Posted: Thu Oct 01, 2015 5:28 pm
by John Adams
I just happened to be sitting here posting something on VGOEmu when the post Preview seemed to lock up, just hung there. I tried logging into the webserver box real quick to see what MySQL was doing, but couldn't even connect to the machine. I then tried launching vSphere client to see what condition the VM was in, and couldn't even get into that! In my last desperate attempt, I simply tried to ping http://www.google.com, and got nothing.

Meanwhile, New Telon and all my other emulators started throwing MySQL has gone away! errors. Tada. Finally, after all this time, it happened right before my eyes and now I can narrow down what the problem likely is; I have either a bad switch or the NAS is freaking out (which hosts all the virtual machine drives) and literally everything in my empire comes to a complete halt once the AD/DNS server vanishes due to network timeouts, and the rippling effect is that every machine using the database loses DNS and doesn't recover (the lock up lasts over 5 minutes, though I have no idea why yet).

So! I can stop blaming MySQL and go back to blaming my internal network and see if rebuilding a few VMs on a different NAS or local SSD fixes the issue. I am definitely going to move game servers databases to their own machines for a while, too. See if maybe we're just ass-pounding my poor webserver too much with 50+ connections.

Re: The "MySQL has gone away" mystery

Posted: Thu Oct 01, 2015 6:11 pm
by Glaxono
Sounds like a faulty switch or a faulty HBA on your DNS server. And an easily tested with a back-up switch and/or HBA Is your AD/DNS a guest on one of your hosts?

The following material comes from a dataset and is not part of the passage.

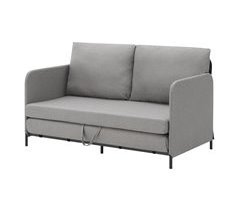 Sofá cama Soini plegable diseño 2 en 1 espuma textil metal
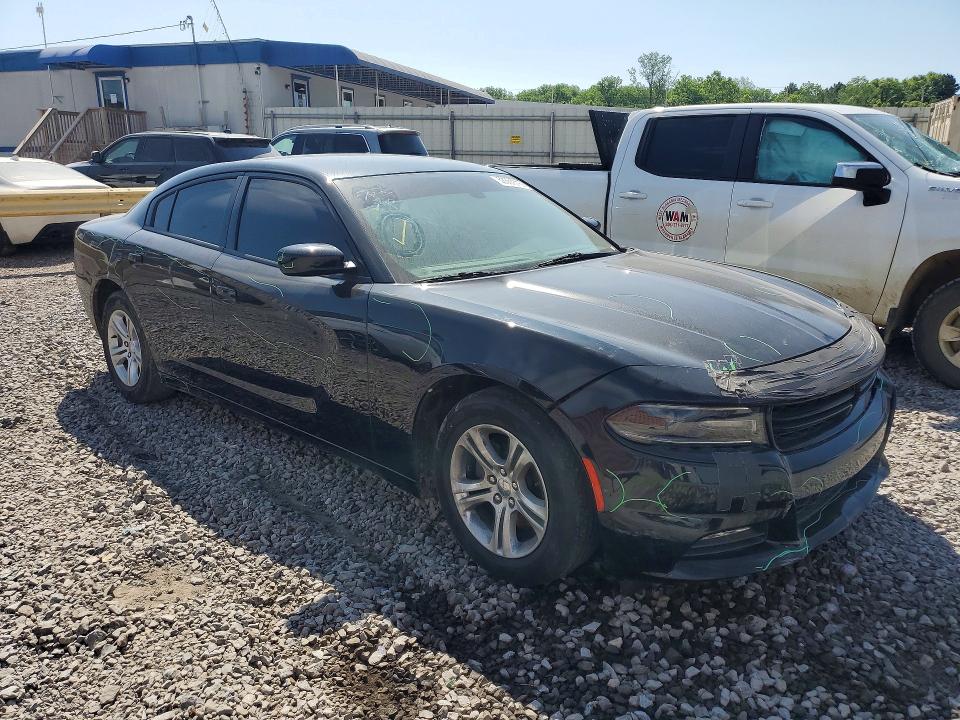 2020 Dodge Charger VIN 2C3CDXBG6LH167956 COPART salvage auction — FRONT END, Al - Cert Of Title-Salvage Title, sold $1,550 on 2026-07-28 (photo 4)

Re: The "MySQL has gone away" mystery

Posted: Fri Oct 02, 2015 7:33 am
by John Adams
The DNS servers vmdk is indeed resident on the NAS, so when it was hiccuping, everything halted. After writing this post (3 hrs later) I discovered Disk 1 in the NAS threw a fault and needed to be swapped. The RAID is rebuilding now, though I still believe there's a problem with intermittency in my home network. At least now there's a clue as to why this is happening.

The simplest thing for us (VGO) to do is fix the reconnect issue with MySQL - as all the other emulators I run reconnect fine - VGO is the only one who, once the connection is lost, it's gone forever.